Es indudable, que existe una profunda escisión, en el seno de nuestra iglesia, a partir del aspecto musical. Se habla del norte y del centro sur. A unos se les llama espirituales, y eso, solo porque bailan y hacen una serie de aspavientos, y gesticulaciones, que son contrarios a nuestra tradición metodista que en la mayoría de los casos atribuyen al Espíritu Santo, olvidando lo que dice Mateo 12: 31.

A los otros, se les tacha de faltos de espíritu, de fríos, que no alaban verdaderamente al Señor, y los catalogan como “muerto-distas”. Existen una serie de confusiones, La confusión es tal que el cristiano promedio, no sabe con claridad qué es el culto.
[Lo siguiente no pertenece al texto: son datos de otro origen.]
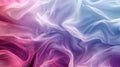 Abstract silky background, flat illustration with random colors. This is AI generative image.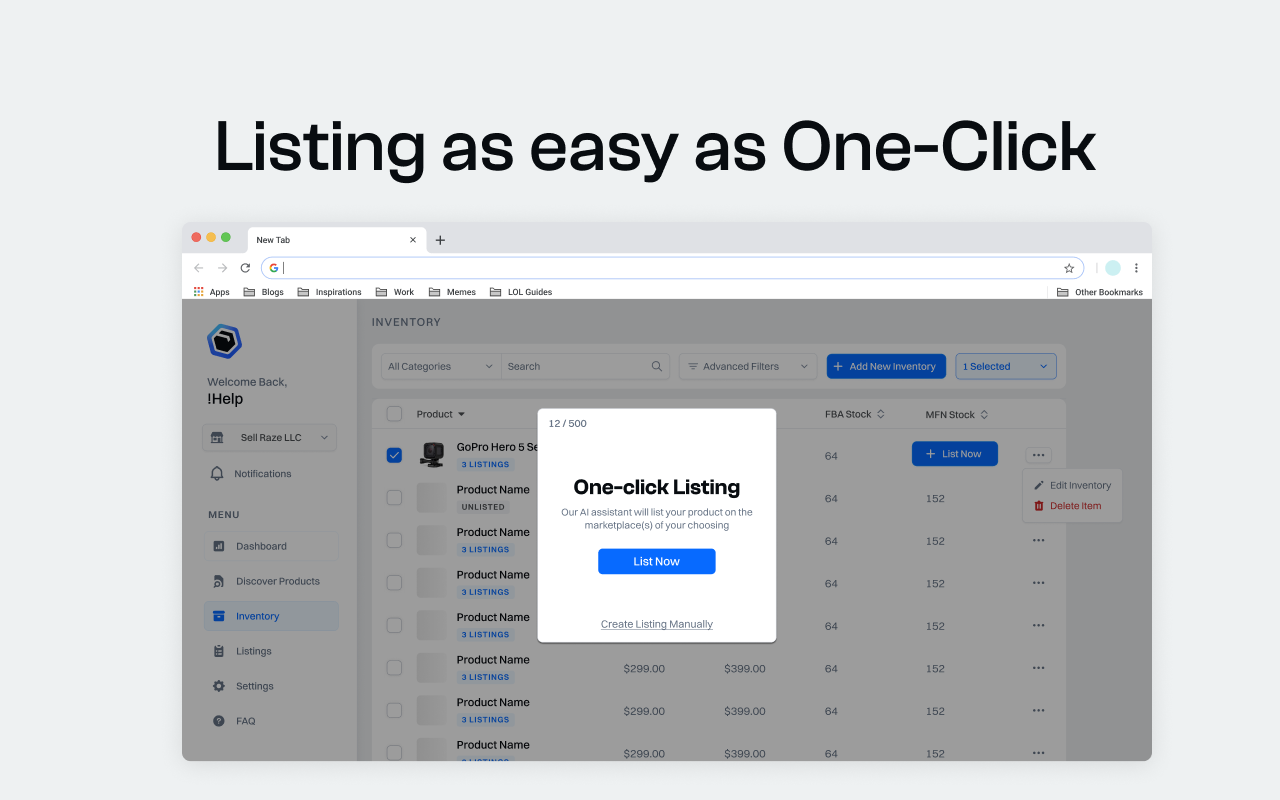 SellRaze Marketplace Crosslister chrome谷歌浏览器插件_扩展第4张截图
Desde el momento que un creyente se pregunta ¿qué es lo más atractivo del culto? o ¿cómo hacer el culto más agradable para la congregación? Ya está indicando un profundo desconocimiento del tema, pues si lo supiera se preguntaría ¿qué dice la palabra de Dios acerca del culto? Por lo tanto, sin la pretensión de ser exhaustivos, trataremos de dar respuestas a las preguntas más recurrentes acerca del culto cristiano.

Como metodistas, se supone, que ponderamos el cuadrilátero de Wesley, pero hacemos caso omiso de la tradición, y ponderamos solo Las otras tres aristas. ¿En que nos basamos para decir que el culto se ha ido pervirtiendo? Por la sencilla razón, que cada día se le han añadido elementos extraños o ajenos a la Escritura, tales como: Danza, Gritos de Júbilo, Gritos de Guerra, Dolores de Parto, Remolineada, Vómito Santo, Tumbados o caídos al suelo, Temblores, palpitaciones, Llanto y movimiento de ojos, Histeria Masiva, Desmayos, Chiflidos, Risa Santa, Convulsiones, ladridos, Aullidos, Aplausos hasta el cansancio, Borrachera Espiritual, Trenecitos, Panderistas, Banderistas, Parir Almas en el altar, Mapeo Espiritual, Declaraciones o Decretaciones, Rhemas, Guerra Espiritual, Unción para Sanadores, etc.

Afortunadamente, todos estos elementos, afortunadamente no han llegado a nuestra iglesia, ¡hasta donde sé!; pero dado, que algunos sectores de nuestra iglesia son proclives a importar usos y costumbres que nos son ajenas, y traerlas como novedades, es necesario, alertar a nuestras Comisiones de Música y de Fe y Orden, para que estén atentas a estos fenómenos religiosos que ya permean en otros movimientos, y no falta mucho para que caigamos en dicha situación. Por eso, insisto, en que la Comisión Nacional de Música, y la Comisión Nacional de Fe y Orden, deben tomar cartas en el asunto para cumplir con su cometido de manera cabal. Acudamos a la Disciplina, y veamos lo que dice respecto de su tarea, que esta incumplida. Comisión Nacional de Música y Alabanza. Artículo 462 Objetivo. Definirá los lineamientos e implementará un programa nacional de música y alabanza, estableciendo los criterios de calidad de la música e himnología a usarse, y los requisitos, aptitudes y perfil que deberán reunir los ministros de música. Vea usted estimado lector, se señala: himnología.

Ahora, veamos lo concerniente a la Comisión de Fe y Orden: Artículo 284, Comisión de Fe y Orden: Estará atenta a los asuntos que surjan, que impliquen diversidad de pensamiento, oportunidad de desarrollo teológico, Doctrinal y Ético, de aplicación sana y creativa en la vida espiritual, intelectual, social y física de los miembros de la Iglesia Metodista de México. Artículo 286 Facultades. Elaborará pronunciamientos que representen el conocimiento bíblico, doctrinal, científico y cultural respecto a los asuntos que se les encomiende, o la misma comisión asuma como elementos de estudio y trabajo. De ser necesario convocará a consultas a los diferentes ámbitos y sectores de la iglesia y sociedad para recoger el pensamiento y sentir de las mismas.

Me uno al sentir de algunos sectores de nuestra iglesia, sobre todo el musical, para cuestionar a ambas comisiones de nuestra iglesia. ¿Por qué no se ha recobrado el Himnario Infantil para su uso en los cultos de Niños, en la Escuela Cristiana Bíblica de vacaciones, y en la Escuela Dominical? Son víctimas de la estribillo-manía, y de la Marcos-Witt manía, y la Disciplina le estipula a la Comisión de Música la himnología. ¿Por qué no se rescata el himnario juvenil?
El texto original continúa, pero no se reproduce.